Lori Rosen Semlies, Katherine L. McCrink and Steven V. DeBraccio
DeBraccio Achieves Reversal of Default Judgment in First Department
Steven V. DeBraccio (Associate-White Plains, NY) defended the owner of an apartment complex in a case that involved an alleged slip-and-fall accident on the sidewalk of our client’s complex. Our client, due to COVID-19 staffing issues, did not receive notice of the lawsuit and a default judgment was entered against him. The First Department, citing Sara’s Studios, LLC v. Sparkle World LLC (217 AD3d 465 [1st Dept 2023]), relied upon by Steven in his appellant’s brief, concluded that our client did not receive actual notice of the lawsuit. Moreover, in a rare turn of events, the First Department concluded in the interest of justice that it would consider a subsequent affidavit from our client’s property manager, and that the affidavit, taken together with a number of other unrelated lawsuits filed by the plaintiff, was sufficient to raise a meritorious defense, in particular, as to whether our client was the proximate cause of the plaintiff’s alleged fall and whether our client negligently maintained the subject sidewalk.
Steven V. DeBraccio
DeBraccio and Lang Secure Pre-answer Dismissal for Nursing Home Client in COVID-19 Case
White Plains, New York, associates Steven V. DeBraccio and Kathryn M. Lang achieved a pre-answer dismissal for a nursing home in Bronx County Supreme Court, which was affirmed by the First Department.
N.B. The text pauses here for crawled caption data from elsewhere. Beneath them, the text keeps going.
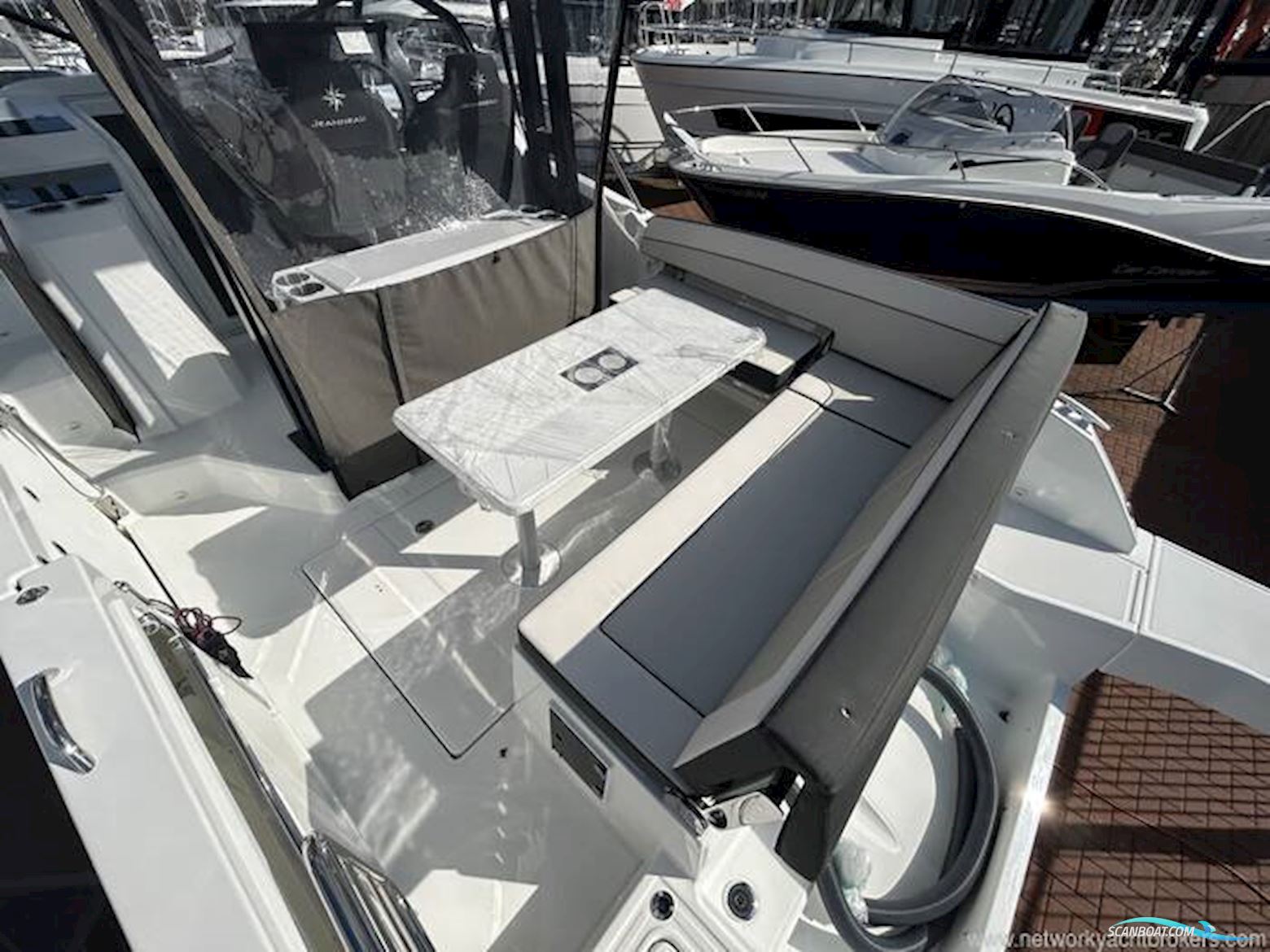 Jeanneau Cap Camarat 9.0 WA S2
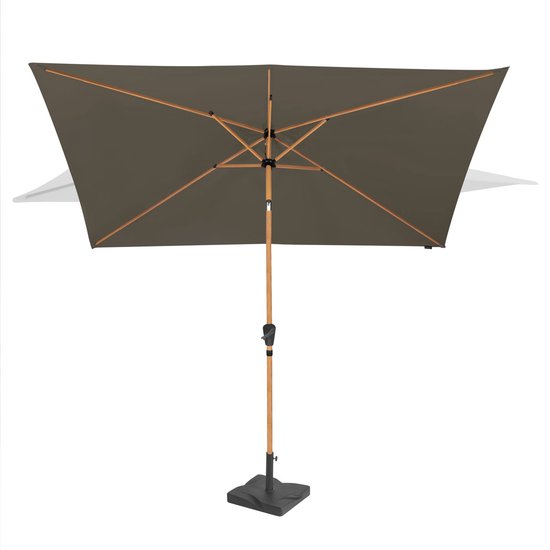 Intérieur du parasol rectangulaire taupe, partiellement ouvert, avec rayons en bois.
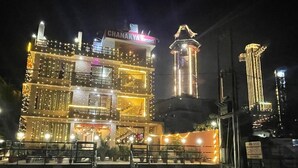 Un immeuble à plusieurs étages sur lequel on peut lire l’inscription « CHANAKYA RESORT ».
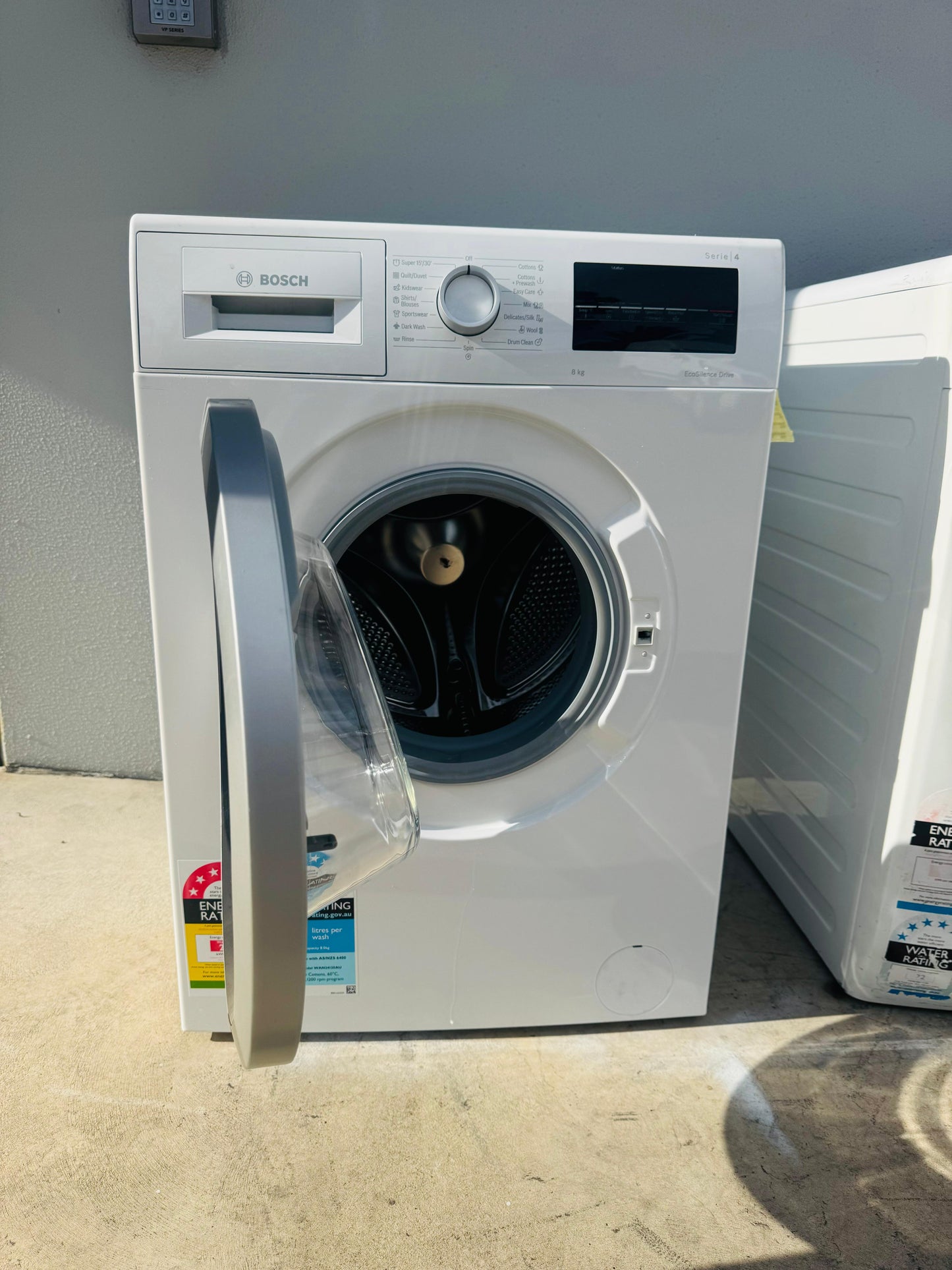 BOSCH 8KGS FRONT LOADER WASHING MACHINE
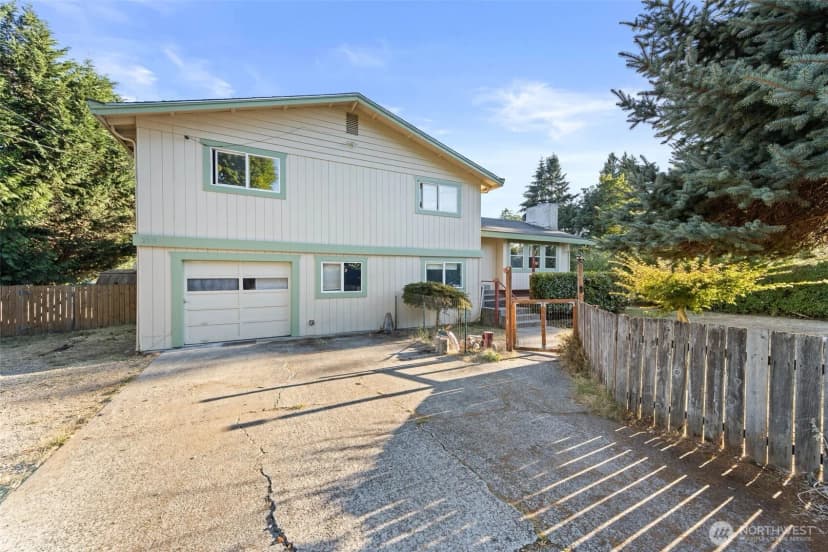 Property photo for 2515 15th Avenue Se, Olympia photo 2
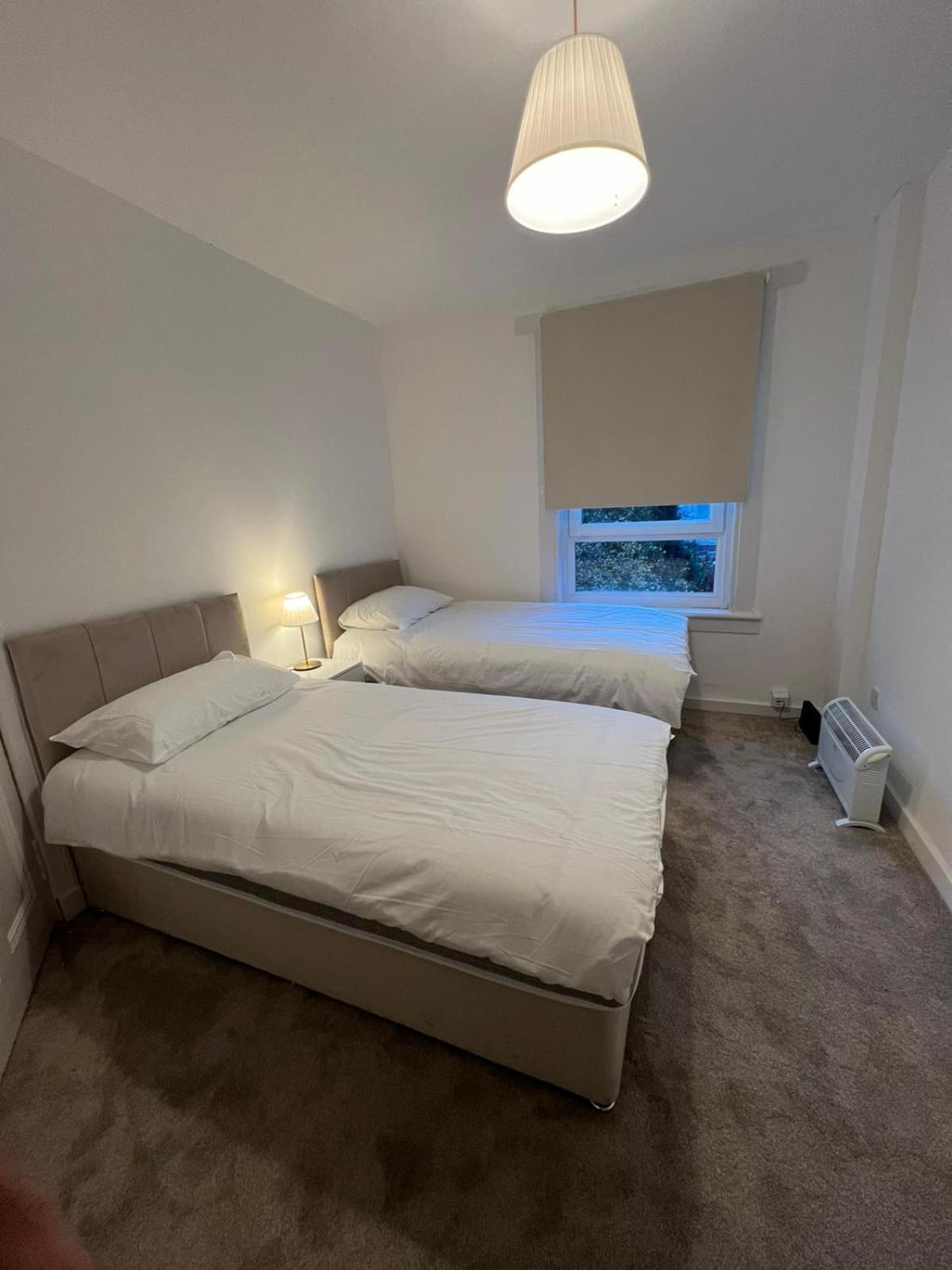 Archillects Entire Two Bedroom Comfy House - Free Parking Glasgow Kültér fotó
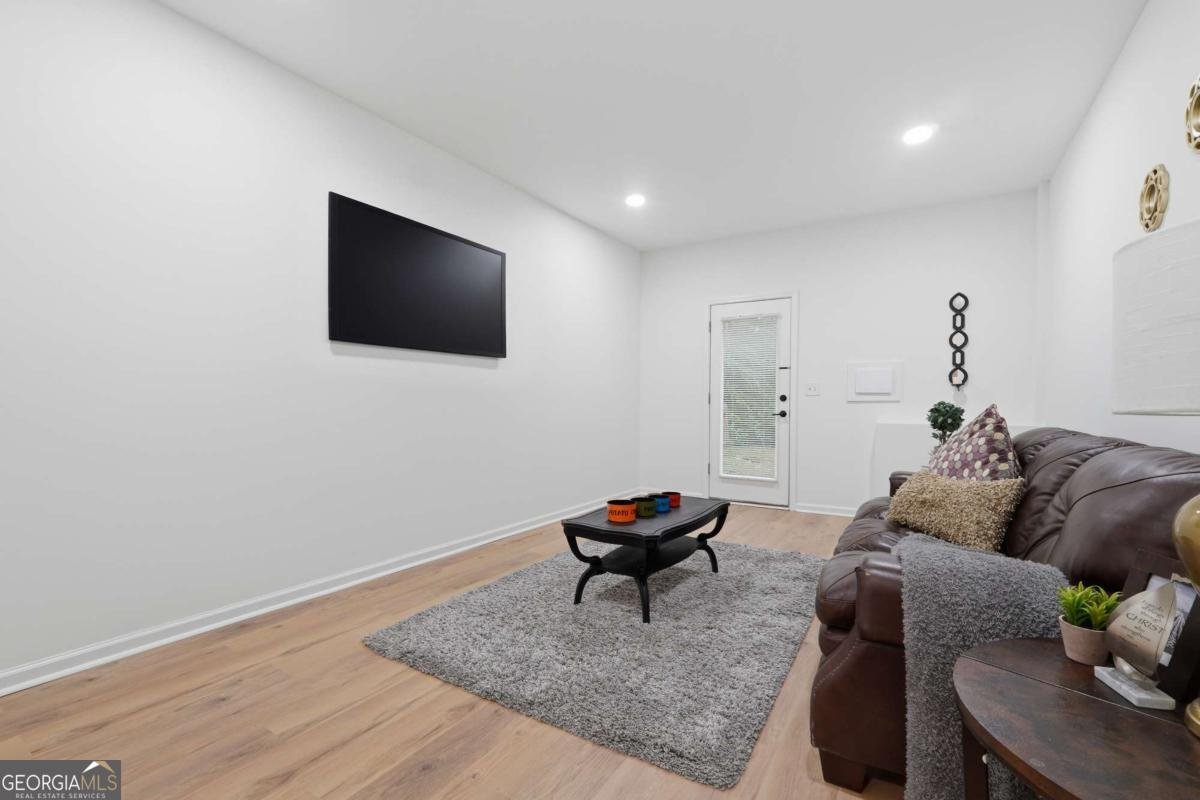 682 Montglade Court Suwanee - Photo 24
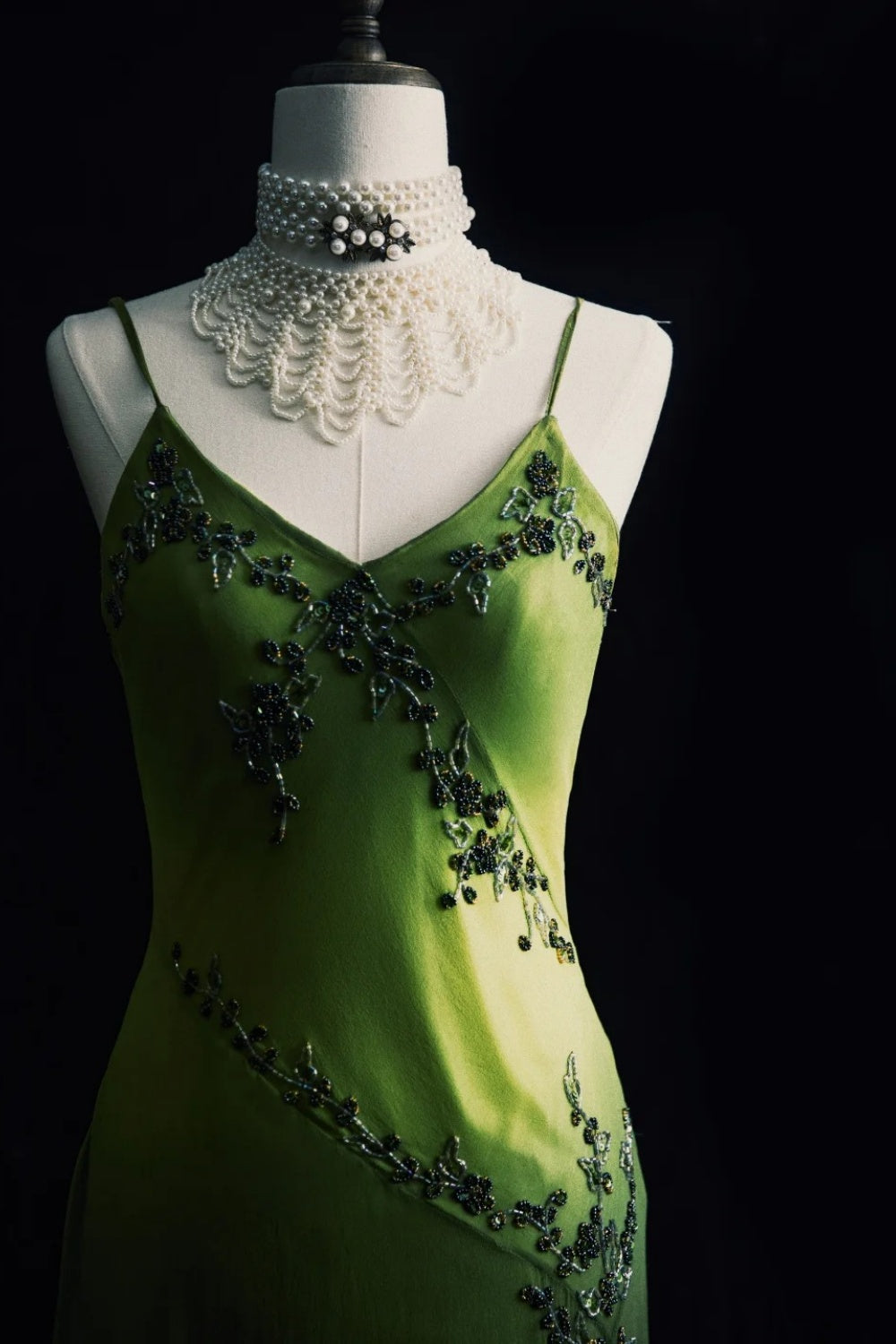 Vintage, sommergrünes, langes Abendkleid mit Weinrebenbesatz und exquisiter Perlenstickerei (NV6608)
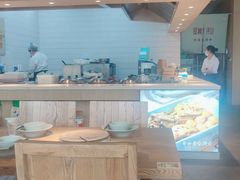 -蜜桃餐厅·伴山(湖滨商业街店)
The plaintiff alleged that the decedent died of COVID-19 due to gross negligence, wrongful death and violation of the decedent’s rights under Public Health Law § 2801-d. Kathryn and Steven argued that the plaintiff’s complaint was subject to pre-answer dismissal due to the immunity afforded to nursing homes in the Emergency or Disaster Treatment Protection Act (EDTPA). Kathryn supported the motion with a comprehensive affidavit from the nursing home’s director of nursing, which outlined the numerous pre-COVID-19 and COVID-19-related infection control policies the facility instituted. The Bronx County Supreme Court granted our motion to dismiss. The plaintiff appealed to the First Department, and Steven argued that based on previous appellate division case law and the principles of retroactivity, the statute was only repealed prospectively not retroactively, and the affidavit from the director of nursing established in 14 paragraphs how the nursing home’s response to the COVID-19 pandemic impacted its treatment and care of the decedent. Finally, he argued that the cookie-cutter, boilerplate allegations of gross negligence did not undermine the nursing home’s showing of good faith under the EDTPA. The First Department unanimously agreed with the defense arguments, and the decision granting dismissal was affirmed.